Done a search about campsites very close to be able to see the Bore. We have the dates of 4th, 5th and 6th of June this year and we have found out that the best place to see it, is around a place called 
Maisemore Bridge.

So to the question, can anybody recommend a site for 3 days please. We have enquired about Tudor Caravan Park , but they will only let us stay for 4 x days.
Any help willl be gratefully accepted 
Thanks
Paul


----------



## lifestyle (Apr 27, 2008)

Why not book in for the 4 days,if that`s the best place to see it.

Les


----------



## gillnpaul (Jan 6, 2007)

Thanks Les 
and yes we thought of that, but that's gunna cost £80 for 3 nights, would you pay that?

But thanks for suggestion
Paul


----------



## Patty123 (Oct 4, 2010)

Probably because its the Jubilee weekend that its a 4 night stay, as I'm sure when we stayed there we only stayed 2 nights


Patty


----------



## Bubblehead (Mar 5, 2007)

Hi

Have a look at this website. It gives dates and expected bore size.
The weekend of June you have chosen isnt very good as the bore will be at night

http://www.severn-bore.co.uk/2012 times.html

Andy


----------



## Curtisden (Mar 23, 2009)

*Seven Bore*

if Maisemore Bridge is at the village of Maisemore you won't see much there.

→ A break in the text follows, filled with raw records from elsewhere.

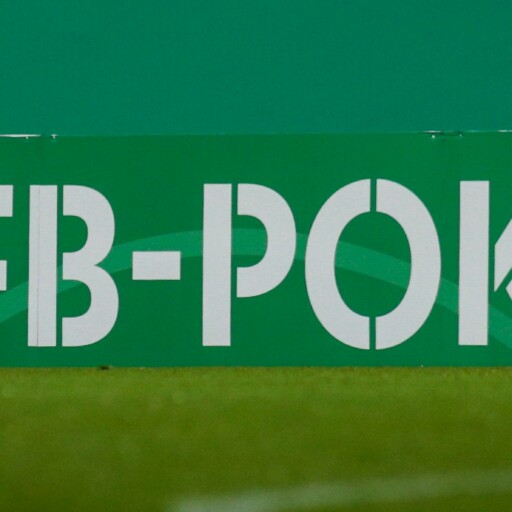DFB-Pokal Achtelfinale am Dienstag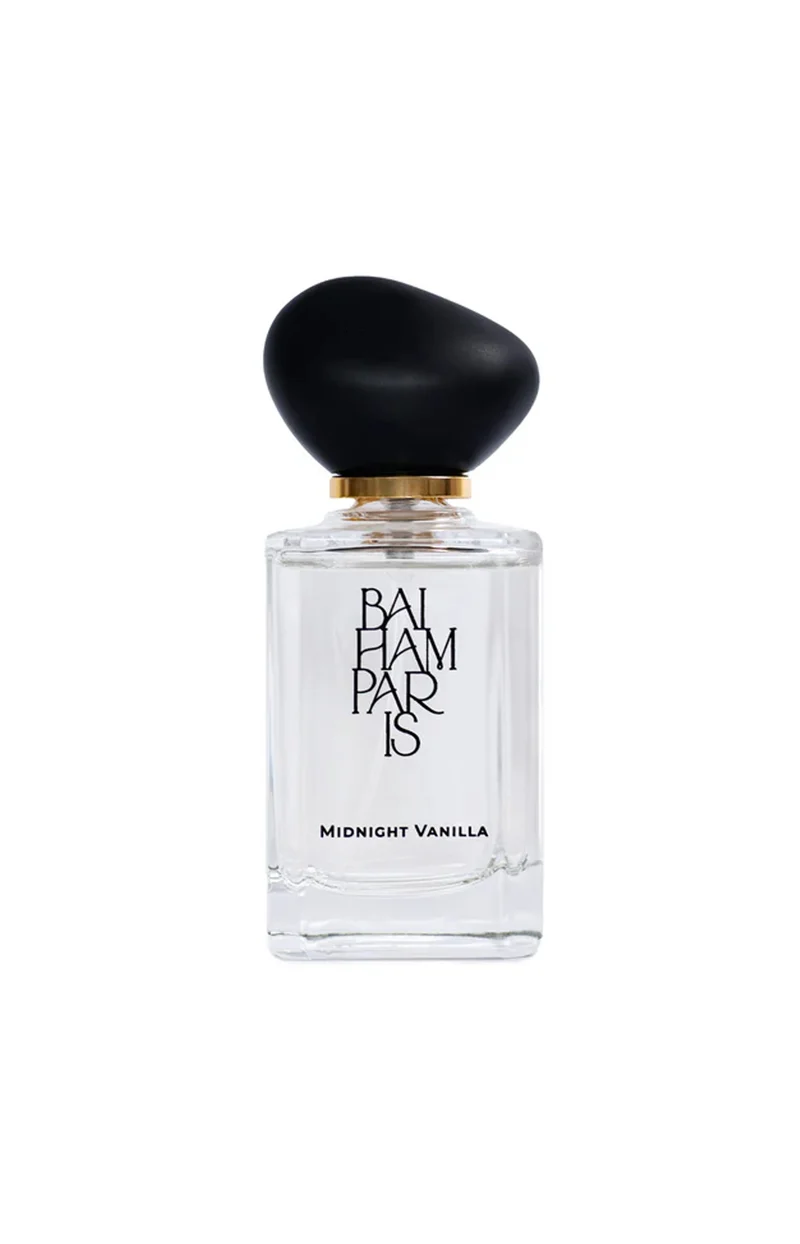Parfum Midnight vanilla - Vanille & cèdre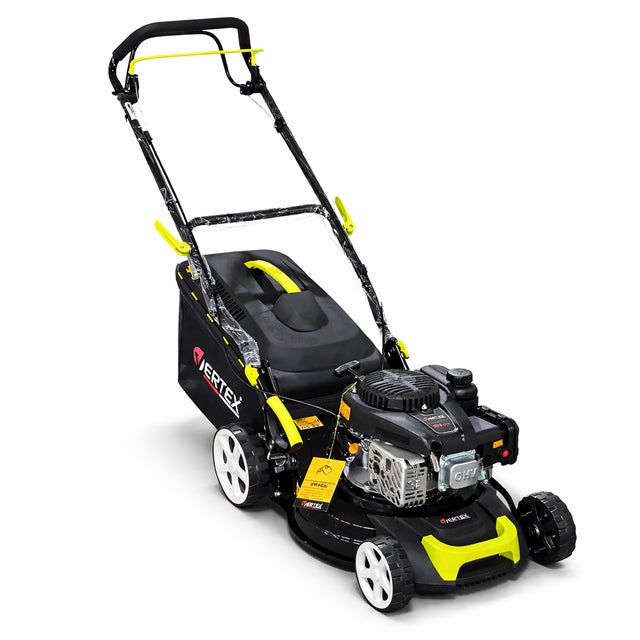 Kosiarka spalinowa z napędem VLDMR16-24L, 2,4kW, 8 poziomów koszenia - silnik LONCIN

We went down last year from kent and had 4 days there in the area.

Stayed at a little CL at Bulley. Close and simple.

We went down 4 times and only 1 of the runs was high and then not as high as stated. So its down to wind tide as well as the moon and just luck. The night time runs are quite good
We went to one location on the north bank by below Minsterworth Church.
This is know as a good spot and attracts quite big crowds.

We had friends who went to the south side both above and below our location to see the bore form in the estuary and nearer to Gloucester.

While in the area I would recommend Slimbridge wildfowl trust set up by Peter Scott. Take the Binos and have a great day watching all sorts of wildlife flapping about?

PS just looked at the time table and i think that you may not be too impressed in June as its a small bore. We went to one of the big runs and as i said only one was big enough for surfers to ride it?
It is a sight worth seeing but if you are coming a long way be warned!

Peter


----------



## lifestyle (Apr 27, 2008)

gillnpaul said:


> Thanks Les
> and yes we thought of that, but that's gunna cost £80 for 3 nights, would you pay that?
> 
> But thanks for suggestion
> Paul


Paul.probably not.
Watch it on the tele then :lol: :lol: :lol: :lol:

Les


----------